_PROBLEM TO SOLVE_. Reproduce exactly the lines below from the one containing "12 Excavator Bucket" through the one containing "704 S Anderson Street Tullahoma TN 37388", including both, and nothing else.

_MATERIALS PROVIDED_.
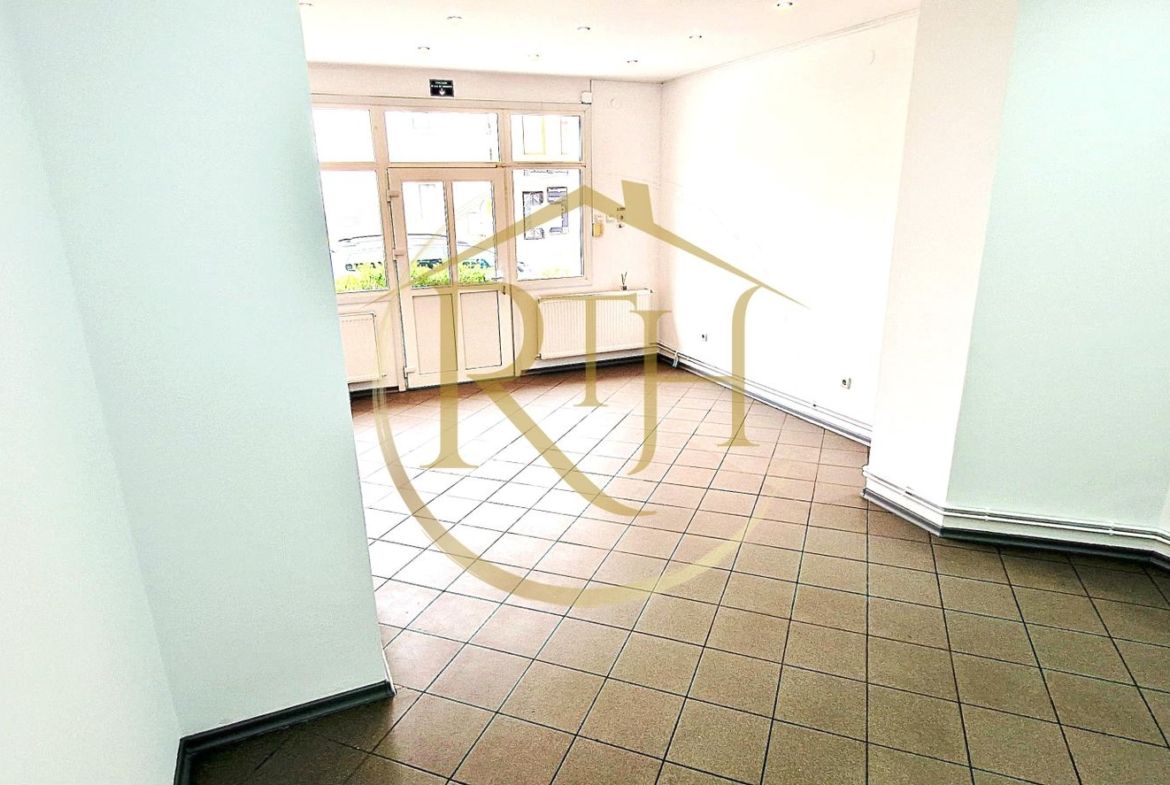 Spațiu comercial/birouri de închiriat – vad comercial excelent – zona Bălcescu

...

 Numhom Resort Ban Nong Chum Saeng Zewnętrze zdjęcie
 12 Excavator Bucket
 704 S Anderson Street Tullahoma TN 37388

_SOLUTION_.
 12 Excavator Bucket
 704 S Anderson Street Tullahoma TN 37388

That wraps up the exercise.